All of us stand in a tradition. Yours may or may not be Scottish, or Presbyterian. But no matter who you are, you stand in a long line of people who came before you–people with beliefs, spiritual practices, stories of faith and sacrifice. Some of those people may be closer–parents, grandparents, teachers, pastors or mentors. Some may be distant–ancestors who brought your family here from another place long ago.

It is good and right for us to recognize and give thanks for those who prepared the way for us. It is good and necessary for us to understand that we are part of a larger story, one that begins long before us, and that will continue long after us.

And yet…we honor people like John Wycliffe, Anne Locke, Dietrich Bonhoeffer, and John Knox, precisely because they challenged their traditions, broke away from the practices of their ancestors, and led their communities in a new direction. There is a time for this, too. All of us stand in a tradition, but we should never let ourselves become chained to it, enslaved by it.

When it comes to religious belief, I have observed two different kinds of people in our culture today:

Some cling so tightly to their cherished traditions, beliefs, buildings, and practices, that they reject any change or progress at all. This is the surest way to kill the thing you love. Anything that ceases to grow or evolve will eventually die. Or it will become a museum, a lifeless memorial to the way things used to be.

But the opposite extreme is equally troubling. It’s those who, when confronted with something unpleasant or problematic in their religious traditions or beliefs, chuck everything out the window and abandon their faith, their heritage, and all that connects them to the wider story. I believe this makes for shallow, disconnected people, who struggle to find meaning and purpose in the world.

The 16th century reformers we celebrate today took what I consider to be a more responsible course. They changed the very things they loved most in order to preserve the best and truest aspects of those things. In doing this, they were following in the footsteps of Jesus of Nazareth, who changed and reimagined the Jewish faith of his ancestors in order to preserve and carry forward what was most important in it.

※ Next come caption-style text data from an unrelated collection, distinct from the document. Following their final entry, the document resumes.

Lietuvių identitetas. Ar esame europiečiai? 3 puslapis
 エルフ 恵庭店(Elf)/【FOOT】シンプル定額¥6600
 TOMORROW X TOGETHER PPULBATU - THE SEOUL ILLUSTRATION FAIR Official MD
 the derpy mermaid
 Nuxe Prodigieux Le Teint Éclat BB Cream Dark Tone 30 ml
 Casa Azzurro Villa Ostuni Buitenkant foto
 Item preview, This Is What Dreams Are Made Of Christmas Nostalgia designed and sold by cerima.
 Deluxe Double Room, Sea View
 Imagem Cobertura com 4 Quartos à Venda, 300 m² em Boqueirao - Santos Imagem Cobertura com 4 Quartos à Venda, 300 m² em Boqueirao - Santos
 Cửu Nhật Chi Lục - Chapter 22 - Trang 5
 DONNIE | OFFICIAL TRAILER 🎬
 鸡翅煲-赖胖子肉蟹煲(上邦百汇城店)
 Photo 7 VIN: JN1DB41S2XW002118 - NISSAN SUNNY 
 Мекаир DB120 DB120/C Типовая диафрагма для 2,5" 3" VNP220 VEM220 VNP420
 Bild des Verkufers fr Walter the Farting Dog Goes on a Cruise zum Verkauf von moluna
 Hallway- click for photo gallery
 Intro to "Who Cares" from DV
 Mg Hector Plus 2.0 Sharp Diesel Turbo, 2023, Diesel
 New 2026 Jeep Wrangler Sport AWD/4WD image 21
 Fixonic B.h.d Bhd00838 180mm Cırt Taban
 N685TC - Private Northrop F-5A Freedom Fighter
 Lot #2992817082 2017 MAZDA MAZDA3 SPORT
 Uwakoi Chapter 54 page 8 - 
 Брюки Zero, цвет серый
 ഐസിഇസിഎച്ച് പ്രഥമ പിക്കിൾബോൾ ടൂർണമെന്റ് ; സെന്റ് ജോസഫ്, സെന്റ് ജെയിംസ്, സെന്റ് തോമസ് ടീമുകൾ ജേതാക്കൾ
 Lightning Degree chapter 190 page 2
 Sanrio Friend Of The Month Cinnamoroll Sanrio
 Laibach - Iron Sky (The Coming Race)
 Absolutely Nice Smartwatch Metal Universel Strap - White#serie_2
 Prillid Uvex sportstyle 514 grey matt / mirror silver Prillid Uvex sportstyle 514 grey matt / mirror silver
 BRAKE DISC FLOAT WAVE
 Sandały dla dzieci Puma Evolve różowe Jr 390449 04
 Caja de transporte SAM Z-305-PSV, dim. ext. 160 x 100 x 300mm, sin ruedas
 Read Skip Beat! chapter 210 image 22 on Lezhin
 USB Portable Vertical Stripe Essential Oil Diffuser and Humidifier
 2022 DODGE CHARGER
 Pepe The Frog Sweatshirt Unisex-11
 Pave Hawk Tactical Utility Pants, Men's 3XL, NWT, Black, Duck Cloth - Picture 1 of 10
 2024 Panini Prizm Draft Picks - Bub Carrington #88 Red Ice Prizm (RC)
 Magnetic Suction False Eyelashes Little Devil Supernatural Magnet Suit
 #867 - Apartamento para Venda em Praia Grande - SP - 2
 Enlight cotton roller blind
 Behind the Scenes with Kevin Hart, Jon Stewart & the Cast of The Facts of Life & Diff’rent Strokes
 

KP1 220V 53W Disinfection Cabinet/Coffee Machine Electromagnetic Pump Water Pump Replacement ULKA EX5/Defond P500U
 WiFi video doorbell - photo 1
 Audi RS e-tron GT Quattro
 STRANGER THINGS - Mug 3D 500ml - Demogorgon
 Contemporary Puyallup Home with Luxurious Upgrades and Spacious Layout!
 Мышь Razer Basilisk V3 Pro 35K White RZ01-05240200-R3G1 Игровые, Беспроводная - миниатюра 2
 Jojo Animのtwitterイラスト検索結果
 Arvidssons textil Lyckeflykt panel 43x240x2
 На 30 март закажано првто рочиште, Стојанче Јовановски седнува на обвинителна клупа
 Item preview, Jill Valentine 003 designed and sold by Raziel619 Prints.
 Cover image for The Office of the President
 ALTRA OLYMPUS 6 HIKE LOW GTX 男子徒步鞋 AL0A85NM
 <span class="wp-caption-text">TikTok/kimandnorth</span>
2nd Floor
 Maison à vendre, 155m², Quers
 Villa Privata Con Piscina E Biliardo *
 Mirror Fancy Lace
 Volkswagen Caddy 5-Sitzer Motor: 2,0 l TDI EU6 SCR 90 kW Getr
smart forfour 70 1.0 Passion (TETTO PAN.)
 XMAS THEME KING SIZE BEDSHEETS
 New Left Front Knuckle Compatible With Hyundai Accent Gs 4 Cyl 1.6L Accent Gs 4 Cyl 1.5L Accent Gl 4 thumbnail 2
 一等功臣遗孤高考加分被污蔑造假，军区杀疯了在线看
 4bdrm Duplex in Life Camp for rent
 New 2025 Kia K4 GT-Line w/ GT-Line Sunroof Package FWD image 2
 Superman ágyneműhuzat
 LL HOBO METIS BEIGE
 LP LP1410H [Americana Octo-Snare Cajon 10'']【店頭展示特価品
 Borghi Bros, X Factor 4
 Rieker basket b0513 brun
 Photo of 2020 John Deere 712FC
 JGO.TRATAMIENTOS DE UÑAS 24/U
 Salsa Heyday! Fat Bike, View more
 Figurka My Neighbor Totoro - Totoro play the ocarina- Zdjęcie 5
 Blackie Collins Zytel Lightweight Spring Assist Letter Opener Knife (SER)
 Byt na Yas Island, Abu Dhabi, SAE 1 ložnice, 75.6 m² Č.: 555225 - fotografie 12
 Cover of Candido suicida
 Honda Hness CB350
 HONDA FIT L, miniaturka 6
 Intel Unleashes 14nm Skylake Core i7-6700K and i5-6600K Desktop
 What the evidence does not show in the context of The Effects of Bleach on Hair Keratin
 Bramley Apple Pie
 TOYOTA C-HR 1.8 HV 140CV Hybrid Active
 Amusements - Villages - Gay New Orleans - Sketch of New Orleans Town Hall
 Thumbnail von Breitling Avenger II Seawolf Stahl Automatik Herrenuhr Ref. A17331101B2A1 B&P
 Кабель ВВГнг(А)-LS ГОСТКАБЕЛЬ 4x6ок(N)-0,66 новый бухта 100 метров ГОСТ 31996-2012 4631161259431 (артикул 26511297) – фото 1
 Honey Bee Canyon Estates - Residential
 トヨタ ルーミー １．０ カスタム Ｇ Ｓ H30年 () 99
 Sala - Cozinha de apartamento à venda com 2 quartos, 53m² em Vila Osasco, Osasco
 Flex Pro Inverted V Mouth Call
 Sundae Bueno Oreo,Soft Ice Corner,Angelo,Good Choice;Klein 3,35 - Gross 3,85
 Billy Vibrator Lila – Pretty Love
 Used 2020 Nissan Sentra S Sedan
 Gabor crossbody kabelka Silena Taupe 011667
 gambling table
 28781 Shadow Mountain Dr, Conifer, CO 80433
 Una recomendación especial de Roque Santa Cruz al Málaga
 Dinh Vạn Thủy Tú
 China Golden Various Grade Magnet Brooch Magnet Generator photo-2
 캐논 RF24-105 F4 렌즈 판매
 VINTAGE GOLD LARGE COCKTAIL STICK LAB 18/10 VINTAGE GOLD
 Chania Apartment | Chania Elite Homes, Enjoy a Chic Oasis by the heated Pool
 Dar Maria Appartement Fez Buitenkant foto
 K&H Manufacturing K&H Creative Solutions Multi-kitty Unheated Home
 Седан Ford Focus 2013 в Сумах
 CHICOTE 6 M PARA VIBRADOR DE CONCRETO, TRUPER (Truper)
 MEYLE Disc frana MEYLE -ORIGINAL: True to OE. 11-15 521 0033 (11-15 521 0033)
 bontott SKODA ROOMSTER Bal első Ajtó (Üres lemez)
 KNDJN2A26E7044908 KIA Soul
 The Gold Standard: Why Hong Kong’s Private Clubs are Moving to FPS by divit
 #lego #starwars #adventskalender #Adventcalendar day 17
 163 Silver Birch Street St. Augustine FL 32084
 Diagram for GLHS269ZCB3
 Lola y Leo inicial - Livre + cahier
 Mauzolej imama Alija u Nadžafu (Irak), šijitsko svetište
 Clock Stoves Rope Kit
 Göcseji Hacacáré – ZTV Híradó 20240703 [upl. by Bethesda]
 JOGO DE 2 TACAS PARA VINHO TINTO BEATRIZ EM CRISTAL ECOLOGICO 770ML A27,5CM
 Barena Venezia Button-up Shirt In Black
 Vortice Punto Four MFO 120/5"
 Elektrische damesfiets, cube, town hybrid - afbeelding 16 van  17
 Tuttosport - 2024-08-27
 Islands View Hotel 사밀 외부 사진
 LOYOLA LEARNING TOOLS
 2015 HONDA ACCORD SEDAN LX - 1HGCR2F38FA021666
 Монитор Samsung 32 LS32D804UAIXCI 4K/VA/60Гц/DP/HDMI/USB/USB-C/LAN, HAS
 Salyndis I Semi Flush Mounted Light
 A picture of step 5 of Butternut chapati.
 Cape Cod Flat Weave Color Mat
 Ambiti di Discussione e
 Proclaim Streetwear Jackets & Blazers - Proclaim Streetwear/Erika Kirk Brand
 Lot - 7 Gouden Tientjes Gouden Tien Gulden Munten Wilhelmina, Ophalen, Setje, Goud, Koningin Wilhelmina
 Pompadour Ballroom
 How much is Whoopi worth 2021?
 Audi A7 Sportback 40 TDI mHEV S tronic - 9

I leave you with this: What tradition do you stand in? What larger story are you part of? And what sacrifices, what bold changes are you willing to make in your life, in your community, in order to carry that story forward, to preserve it, to improve it, and to make it something worth passing on to your children and your children’s children?

May the courage and zeal of the Reformers burn in our hearts today as intensely as it did 500 years ago in theirs, and may the world be blessed through the work of God’s people.